Download not only the mental functions but also including the other quirks such as personality, instincts, mental weakness and defects, and also reproducing all the bodily aspects that makes up the person, then I would say a person can be stored in hybernating digits. But without the body, the person would hardly be living until it is embodied in full blood. I hope we're not going round in circles with two different definitions of soul, body, intelligence, and life. So please tell me whether you're not a cyborg.  :Laughing:

----------


## Mycernius

I'm not a cyborg, yet. Mind you there could be several advantages of having an almost fully cybernetic body. We could go places where our frail biological bodies couldn't. A cybernetic body wouldn't have to be in our image. Imagine being able to explore the bottom of the ocean without having to worry about drowning.  :Doubt:  
I suppose the question really comes down to whether an AI could define itself as a lifeform and therefore by subject to our laws on morality. We use the word soul to define ourselves as humans and above the rest of the living world. I doubt if any theologian would say an insect or a reptile has a soul. Most people seem to accept the idea that our ability to think and rationalise give us souls. If a machine can do this it must have in it somewhere a 'soul'. Maybe our definition of an idea of a soul is actually our higher mind functions. If this is the case then anything that can think like a human might contain a soul.
I think what is really needed is a definition of a soul, and does it exist or is it just a human idea to deal with our ability of higher abstract thoughts. If the soul does not exist and we are just a biological computer then the ability to transcribe all the bits of information in the brain could be stored and revived at a later point. 
Just a thought. If we ever possess the technology to do this it could make space travel to the stars very real. Why have a massive ship with all the various things that are needed to keeps us alive in space? You could just store yourself on a computer, with a few strands of DNA. When your ship arrives at where-ever the ship could clone your body and up load your into this body. I could just be talking sci-fi here, but it more realistic than warpspeed and time travel.

----------


## isayhello

I think.. souls could be made. As in, artificial lifeforms could develop a soul. If a robot was given a complicated enough system and a sort of program that enables learning, the robot (artificial lifeform, whatever) could learn to copy and imitate emotions. Could the robot in this way develop feelings, or at least what seemed to be feelings, the robot could in time be said to have a soul. A child imitates and learns by copying. Whatever emotions we express are behaviours we have learnt from early age (most of them)... who said they are 'true' feelings? They are simply behaviours we have learnt to express in different situations. Feelings and emotions are, among other things, what is looked upon as the 'soul' of a human. If a robot could learn these 'techniques' and could start expressing feelings, could we not say that the robot would have a soul?
I'm not sure at all about the whole soul thing anyways. It's merely the brain and the body functions, reactions. (think:science)
If a robot had a learning program based upon imitation, the robot would develop the same as the humans in its surrounding. I think..

----------


## lexico

> I'm not a cyborg, yet.


I'm glad in a way; if you were a cyborg, it might be interesting to interact with you at first due to my curiosity. As time goes on, we might even develop a genuine friendship. Nevertheless the idea that we are different; that there exists a difference that cannot be glided over will create concern; which easily becomes caution, reservedness, and eventually a communication block or even mistrust in certain matters. I might be exaggerating, but then I might not.  :Wink: 


> advantages of having an almost fully cybernetic body. We could go places where our frail biological bodies couldn't. A cybernetic body wouldn't have to be in our image. Imagine being able to explore the bottom of the ocean without having to worry about drowning.

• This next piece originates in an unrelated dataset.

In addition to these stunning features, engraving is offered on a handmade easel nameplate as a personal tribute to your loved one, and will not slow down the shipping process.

I'd have to disagree slightly from this point. Not having similar limitations of a human would make the cyborg different in soul. There will be a wall of alienation arising from it's invincilble properties. Superman in the comics & movies is extremely lonely because 1) he is from another plant Krypton (?) & 2) he has unusual abilities like radar vision, jumping skyscrapers & whatnot. His vulnerability to kryptonite somehow restores his 'humanness.' So it's a mystery what kind of soul it might gain if some thing were easy-breezy, but without any weakness to balance it out.

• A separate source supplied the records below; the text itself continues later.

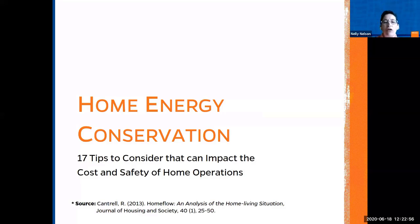How are we going to conserve energy in the house, reduce costs, and keep our home safe and operating efficiently? Now we are going to discuss 17 tips you can use to achieve this.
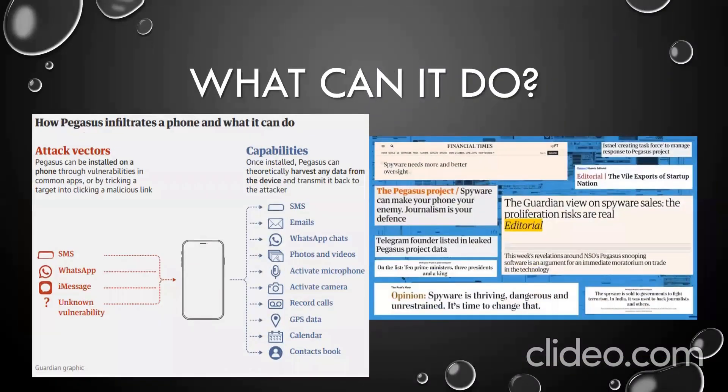Once installed on a phone, Pegasus can intercept and steal more or less any information on it, including SMS, contacts, call history, calendars, emails, and browsing histories. It can use your phone's microphone to record calls and other conversations, secretly film you with its camera, or track you with GPS.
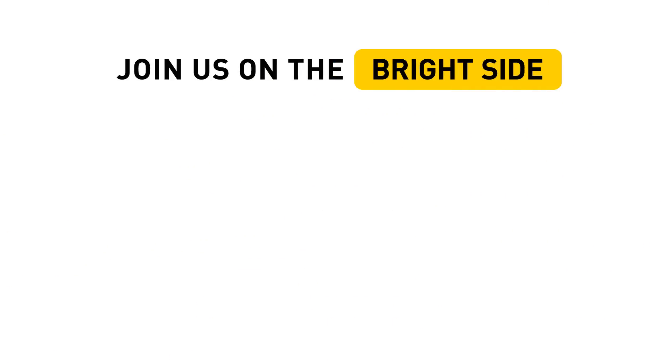Don't forget to share this video with those who love posing for pictures and taking photos. Hit the like button below the video and click subscribe to join the Bright Side of life.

> Most people seem to accept the idea that our ability to think and rationalise give us souls. If a machine can do this it must have in it somewhere a 'soul'. Maybe our definition of an idea of a soul is actually our higher mind functions. If this is the case then anything that can think like a human might contain a soul.
> I think what is really needed is a definition of a soul, and does it exist or is it just a human idea to deal with our ability of higher abstract thoughts.


That too, but some things seem to be missing. Just what I can think of right now.

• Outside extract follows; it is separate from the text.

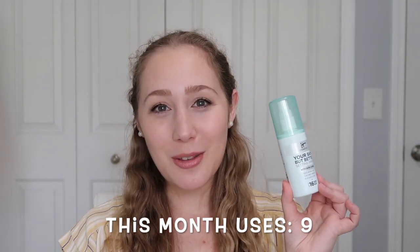The next one is also by It Cosmetics — their Your Skin But Better Setting Spray Plus Plus. This is actually the empty of the month! There's nothing left in here and I'm really excited. I used it nine times this past month. I think I used it a little bit heavier each time because I wanted to finish it up. I did use it for the last time today, and it was spraying in splotches, so I just had to call it done — it just wasn't spraying evenly anymore.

1. awareness of self, memory of self-continuity allows us to have our unique indivdual existence.
2. the ability to love, to be attached, to have a strong, exclusive imprint (like baby ducks) or crush on another person, thing, activity, or idea.
3. creativity: to generalize and jump in logic (essentially illogical process)
4. playfulness: to be able to feel joy. 
5. senses for survival or necessaty
6. senses for stimulus
7. emotions such as fear

These things are hard to define logically. I believe they are quite important as part of the human soul.


> all the bits of information in the brain could be stored and revived at a later point....If we ever possess the technology to do this it could make space travel to the stars very real. Why have a massive ship with all the various things that are needed to keeps us alive in space? You could just store yourself on a computer, with a few strands of DNA. When your ship arrives at where-ever the ship could clone your body and up load your into this body. I could just be talking sci-fi here, but it more realistic than warpspeed and time travel.


I totally agree with you as not only to the possiblity, but also to that this DNA (+ mitochondria + egg info + nursing + rearing + education) path is the most logical, straight forward way to beat time, distance, destructive cosmic rays, G10 limit, life support hassle, etc.


> learn to copy and imitate emotions. Feelings and emotions are, among other things, what is looked upon as the 'soul' of a human.


All good points, Isayhello. But what about feeling those internal emotions, and confirming those emotions as essential part of oneself ? We sometimes find it hard to handle emotions, either they are too strong or loo sublte to define. 

Also, what about the awareness without expressing it or acting on it ? Is that something that can be learned ? That seems more like a hardwired function rather than all learned thing on blank memory.
What about imagination ? We some times find too little imaginatio a problem. 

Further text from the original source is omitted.